Nowadays, if people know about Edgar Allan Poe (January 19, 1809-7 October 1849) it is usually for his short stories and his tales of terror. His 40 years of unstable life gave him enough time to revive the Gothic novel and invent the detective story, and to be a poet, critic and journalist. But he also had time to try his hand at science, and at the end of his days he was convinced that he would be remembered more for his scientific ideas than for his literary writings. The author of The Gold-Bug devoted his last and little known work to capturing his thoughts about the universe. Here we review the B-side, the scientific one, of a tormented genius whose life began to get complicated very early.
Born as Edgar Poe in Boston, before his third birthday he had lost his father and mother, was separated from his older brother and little sister, and was taken into the home of the wealthy Allan family of Richmond, Virginia. Although the Allans would give him the name and a good education, Edgar Allan Poe never quite managed to get along with them, to the point that his foster father would eventually disinherit him. The ghosts of his lost biological family never left him and some scholars of his work see that traumatic childhood reflected in his gloomy literary style.
At the beginning of 1826, Poe entered the University of Virginia. There he stood out for reading everything that fell into his hands and being a diligent student who translated classical languages almost effortlessly. He was also known for having disturbing nightmares and problems with drinking and gambling. It was at that time that he began to deepen his study of history and literature, in addition to becoming interested in scientific disciplines such as mathematics, physics and astronomy.
A solution to Olber’s paradox
Poe had a special predilection for astronomy and later in his life he would propose a solution to Olber’s paradox. This physics problem presented the contradiction that in a static and infinite universe replete with stars—that was the description of the universe at that time—the night sky should be completely bright, with no dark regions.
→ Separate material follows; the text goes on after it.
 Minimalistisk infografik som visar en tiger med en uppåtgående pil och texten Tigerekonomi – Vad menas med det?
At a conference in the Society Library in New York, Poe gave a lecture in which he argued that the dark spaces between stars were due to the fact that the distance to the furthest stars was so great that no rays of light from them had been able to reach the Earth yet.
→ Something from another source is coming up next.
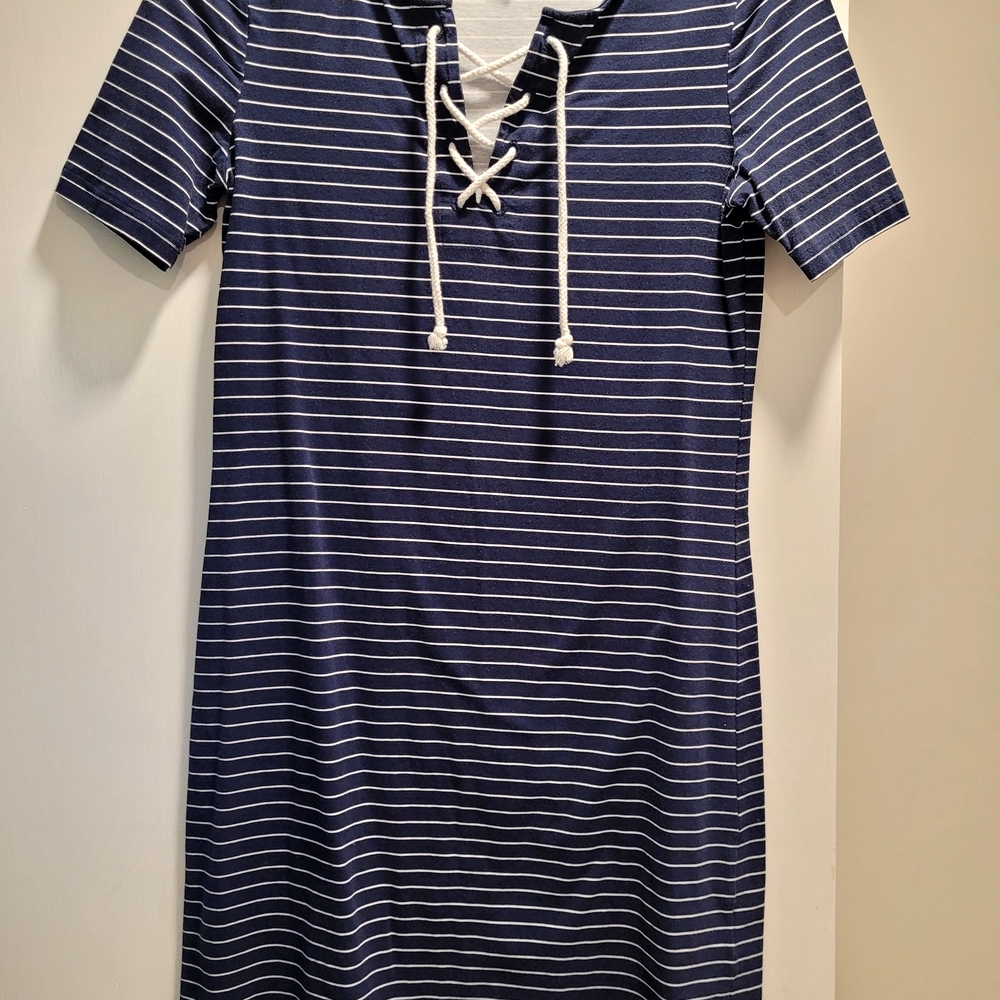 Navy Striped Lace-Up Mini Dress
Poe’s life seemed to stabilize around 1836 when he married his first cousin Virginia Eliza Clemm and began working at Graham’s Magazine in Philadelphia, where he would write his great crime novels—The Murders in the Rue Morgue (1841) and The Gold-Bug (1843). However, things once again took a turn for the worse when in 1842 his wife fell ill with tuberculosis, which would send her to the grave five years later. Given his tough situation, Poe would again turn to alcohol and this time also laudanum (prepared from opium), which brought him significant health problems.
Despite his physical and mental deterioration, 1845 would deliver his first great success in life: the poem The Raven, which achieved overnight success and is considered the most famous poem in American literature.
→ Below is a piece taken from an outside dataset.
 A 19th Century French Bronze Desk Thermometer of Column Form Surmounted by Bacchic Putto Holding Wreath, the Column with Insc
A Prose-Poem to Alexander von Humboldt
After the death of his wife, in the winter of 1847, a dejected Edgar Allan Poe immersed himself in physics to write his tenth and final work, the non-fiction essay Eureka, subtitled A Prose-Poem, which he dedicated to the German scientist Alexander von Humboldt. In the years when Darwin was working on his theory of evolution or Maxwell was managing to unify electricity, magnetism and light, Poe proposed in Eureka “to speak of the Physical, Metaphysical and Mathematical—of the Material and Spiritual Universe—of its Essence, its Origin, its Creation, its Present Condition and its Destiny.” Although the essay does not follow the scientific method and is riddled with errors, it does contain some unexpected successes, among which is the idea that the universe was generated from the explosion of a single primordial particle—an intuition of Poe that would anticipate the Big Bang theory by almost a century.
Shortly after publishing Eureka, Edgar Allan Poe wrote a letter to his aunt (and mother-in-law), in which he said: “I have no desire to live since I have done Eureka. I could accomplish nothing more.” And so it was. Poe died shortly after in Baltimore, convinced that he had made one of the most important contributions in the history of science.